3 essential skills for IT professionals
Whether you are preparing for a career in information technology (IT) or you are a seasoned professional, it’s important to know what skill needs are emerging in the marketplace. As I review the technology and business landscape, I’ve made some observations about what I believe will be increasingly valuable proficiencies to bring to the table.
Demand for certain skills or an increased focus in specific areas is being motivated by drivers such as the commoditization of IT, which is moving many countries to more right-brained jobs economies; by the data deluge, which is presenting considerable opportunity to understand business in completely new ways; and by rigorous competition in the marketplace, which is forcing greater velocity in the generation of new service and product ideas.
Many roles within IT will continue to be valuable but may be more sensitive in the long run to the business landscape shifts we are experiencing. Rather than a decreasing need overall, I predict we’ll continue to see a greater role for IT in the future as well as IT skills being an important part of almost every information worker’s inventory of capabilities.
It’s also fair to point out that we’ll see new skills emerge that we can’t even imagine right now. For example, in the mid-1990s it would have been near impossible to predict skills in search engine optimization (SEO) or the whole range of IT careers that have spawned from social media.
The following three skill areas will find high demand in the marketplace either as standalone careers or in combination with other skills.
In the context of IT, coordination is a skill set that provides guidance and oversight for the smooth interaction of multiple activities and their positive outcomes. It certainly includes project management, but it’s not limited to it. People who can bridge relationships between disparate participants, such as developers in an offshore location and testers at a local facility; accommodating cultural differences, advocating for collective success, and expediting answers to questions and concerns, offer significant value.
The IT coordination skills can equally live in the business, the IT organization, or in a third-party provider. In a world where achieving results can often require the participation of a multitude a loosely related resources, effective coordination skills are paramount.
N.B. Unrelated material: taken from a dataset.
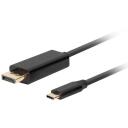 Lanberg USB-C DisplayPort kaabel CA-CMDP-10CU-0010-BK, 1 m, 4K@60Hz, must, 21,6 Gb/s, HDR tugi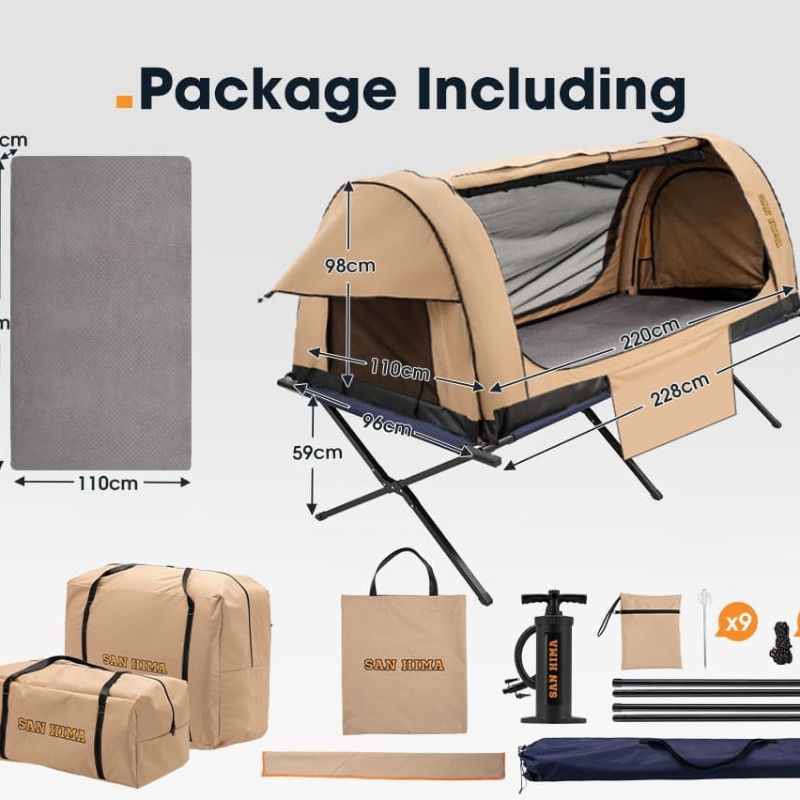 SAN HIMA - Single Air Swag - Canvas Tent - Inc Folding Bed Stretcher -  Air-Swag-Package-Dimensions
Acquiring great coordination proficiency certainly comes with experience, but preparation should include focusing on negotiation skills and communications in general; problem solving techniques; understanding the fundamentals of project management; and acquiring time management and prioritization methods.
Our digital world is creating mountains of new data. In fact, we are experiencing exponential growth in its volume. As an example, every two days now, we create as much information as we did from the dawn of civilization up until 2003. It’s both a challenge and an opportunity. The challenge is clearly making sense of it. The opportunity is using findings in the data for competitive advantage.
It’s becoming clear that large volumes of data can reveal new insights that were previously unknown. As examples, analysis performed on unstructured data scattered across the web can reveal sentiment on people and products. Examining the patterns within social network connections can tell us a lot about where authority resides.
It’s within this new context that we see demand for people with skills to identify and extract valuable data; perform extensive analysis on it; discover patterns and hidden secrets contained within; and make sense of it for decision-making purposes.
To acquire these skills includes training in critical thinking, analysis tools, presenting quality communications through writing and visualization, and statistics.
We’ve seen large parts of IT turn into commoditized products and services. As an example, email is not a competitive advantage and it’s largely dominated by one vendor. Whether you keep that capability and its attendant skills in-house is largely a cost and risk decision. Many organizations are reviewing their internal IT capabilities and concluding, that unless they are creating new value and a distinctive advantage, they simply remain a necessary cost center.
IT leaders are being tasked to reduce the cost center component to a minimum while ramping up the competitive elements of technology. The c-suite is requiring the IT organization to commit the biggest percentage of their available capacity to partnership activities with the business in creating new opportunities. It’s this driver that is increasing the demand for innovation skills.
Innovation is the most abstract of the three skill areas in this blog as it is often the hardest to quantify. But it does include a wide range of skills that contribute to the conversion of ideas into net new business value. These include research, applied research, product evaluation and recommendations, problem solving, championing a new idea, and building a business case for investment that includes cost-benefit analysis.
As you consider your IT career, you might conclude that none of these skills are central to your interest. That’s okay, too. My view is that, should you choose another IT path, it’s still worth considering whether any of these three areas can complement your core interest. Whether you want to be or continue to be a programmer, business analyst, system administrator, or quality assurance analyst, adding one or more of the skills above can only add to your advantage.
We’re guaranteed that the needs of the IT jobs marketplace will continue to change, but if each of us is ready to acquire new skills, a career in IT will remain one of the most lucrative and exciting of the professions.